# [What needs to be done]
Drop every picture and copy exactly the lines from the one with "Transform Your Bedroom" through the last line of the listing below.

# [Records]
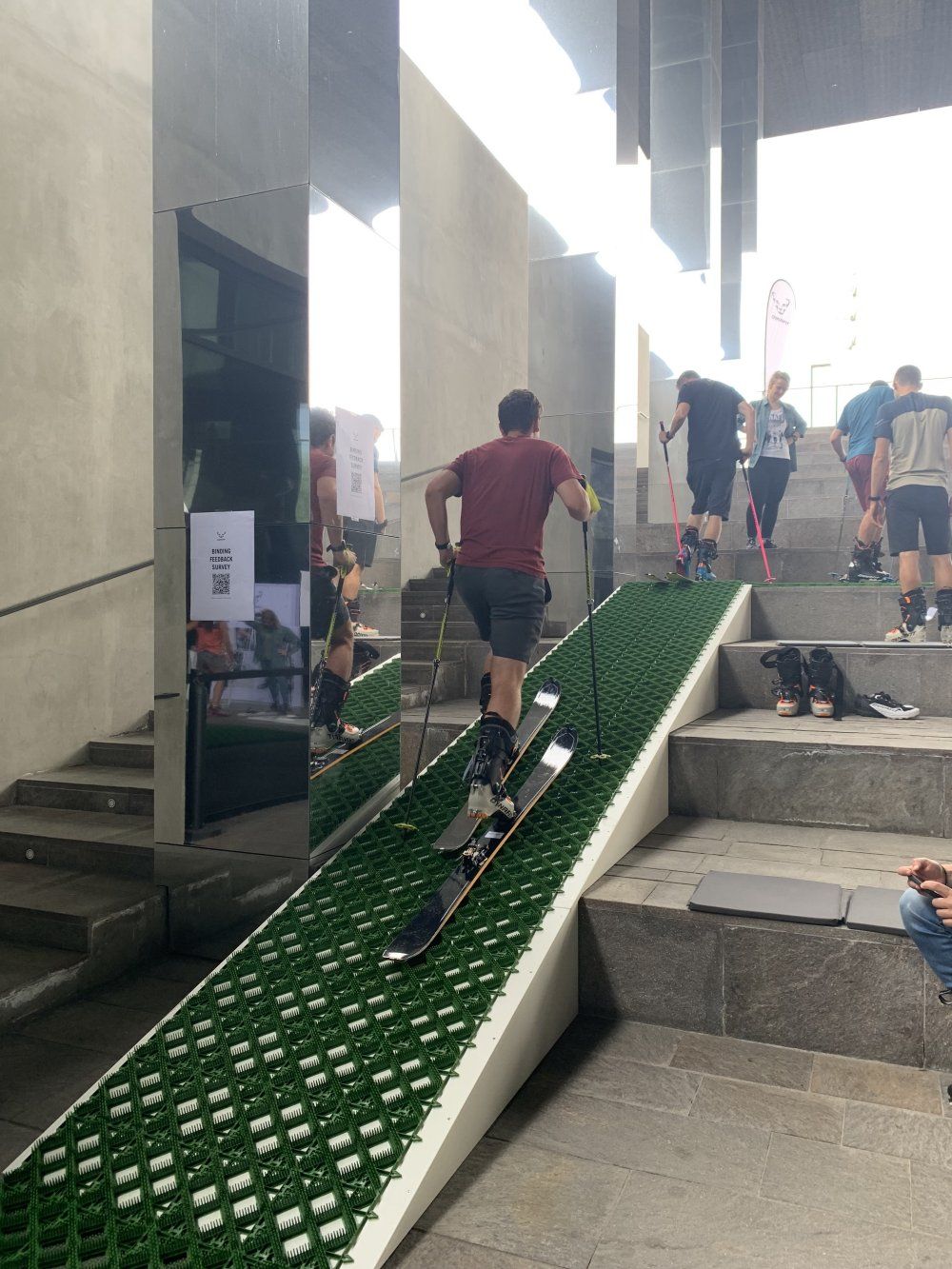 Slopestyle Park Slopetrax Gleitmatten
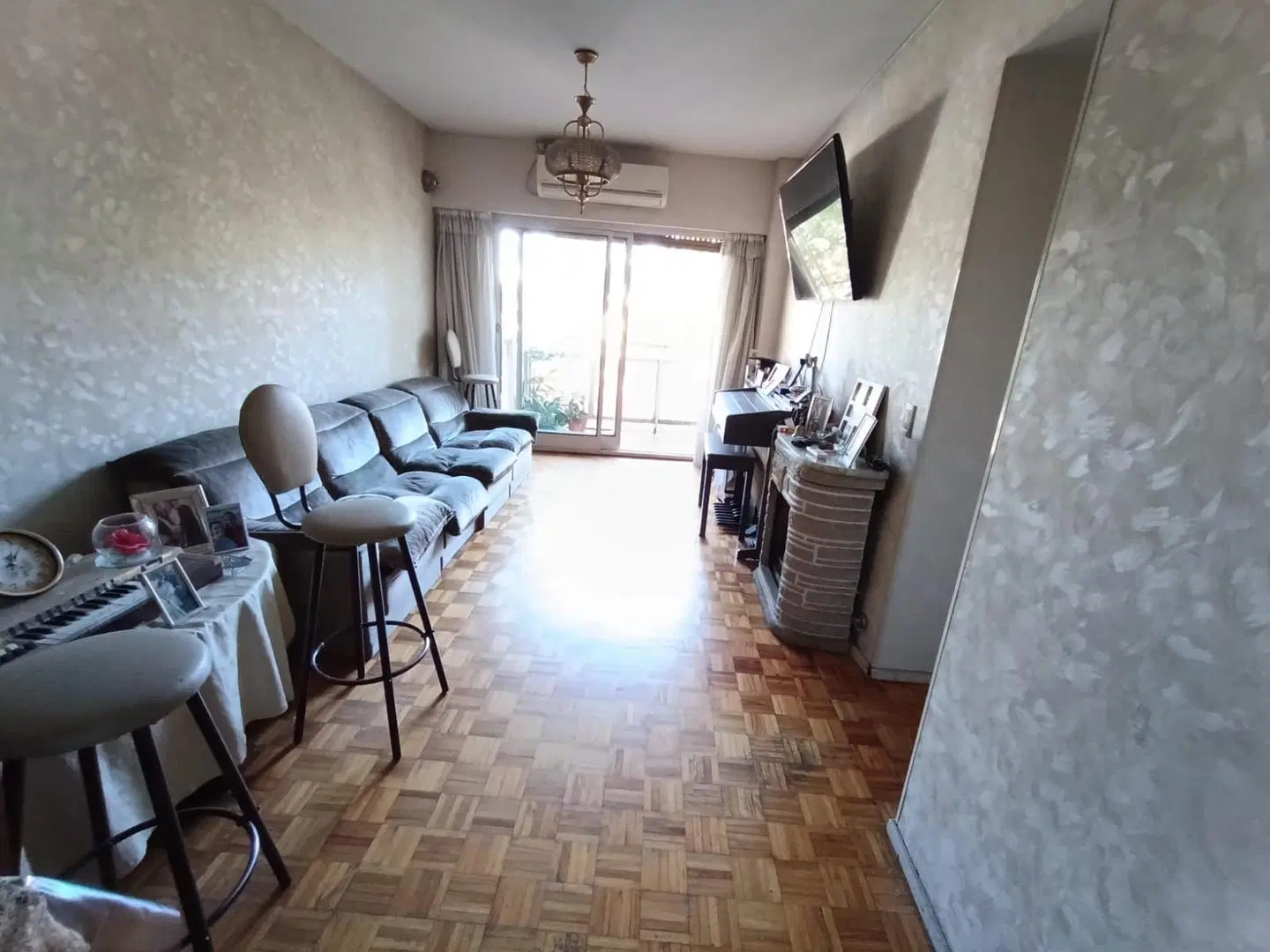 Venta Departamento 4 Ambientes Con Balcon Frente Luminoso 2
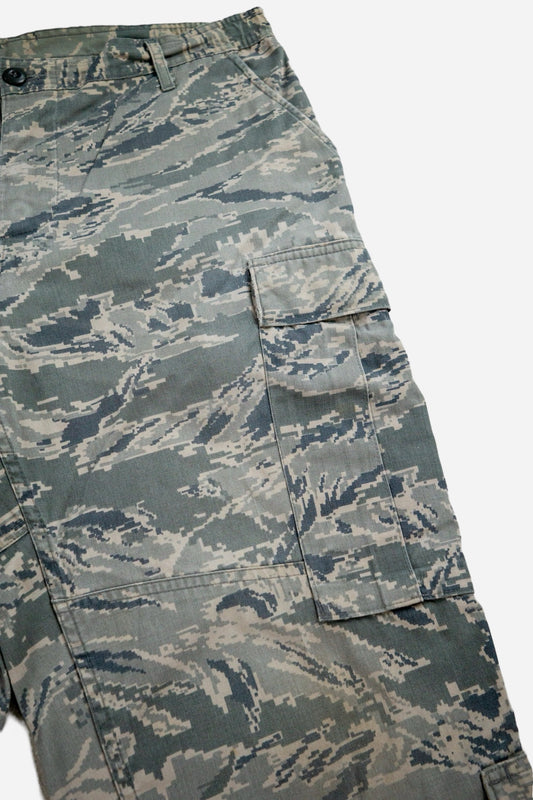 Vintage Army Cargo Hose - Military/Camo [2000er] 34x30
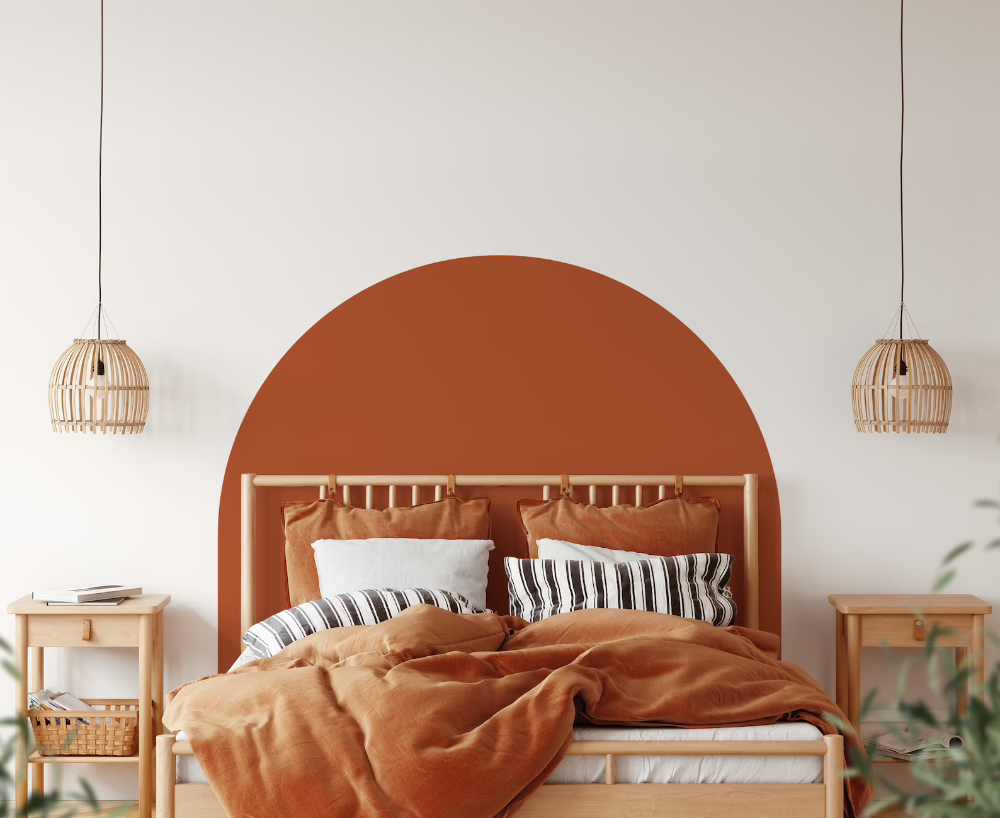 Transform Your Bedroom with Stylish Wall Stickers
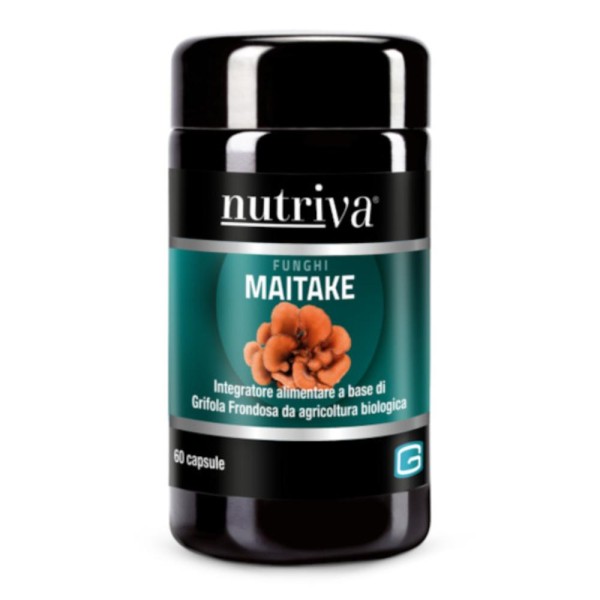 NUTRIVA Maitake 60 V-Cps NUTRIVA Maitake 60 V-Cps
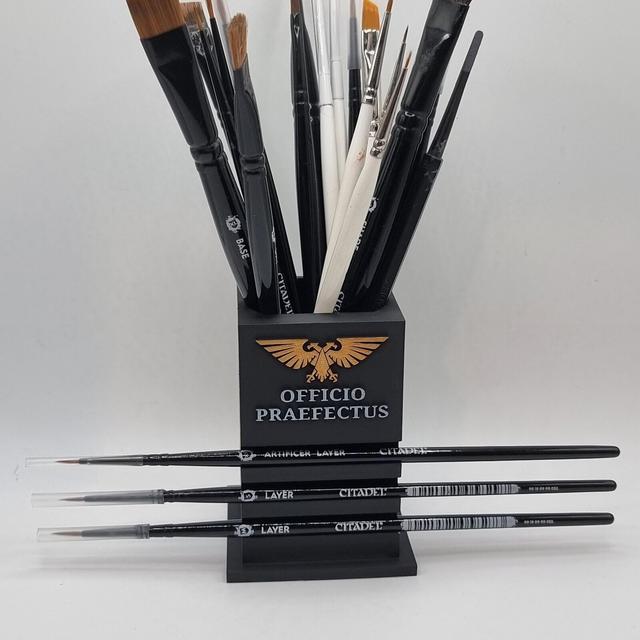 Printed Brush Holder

# [Task response]
 Transform Your Bedroom with Stylish Wall Stickers
 NUTRIVA Maitake 60 V-Cps NUTRIVA Maitake 60 V-Cps
 Printed Brush Holder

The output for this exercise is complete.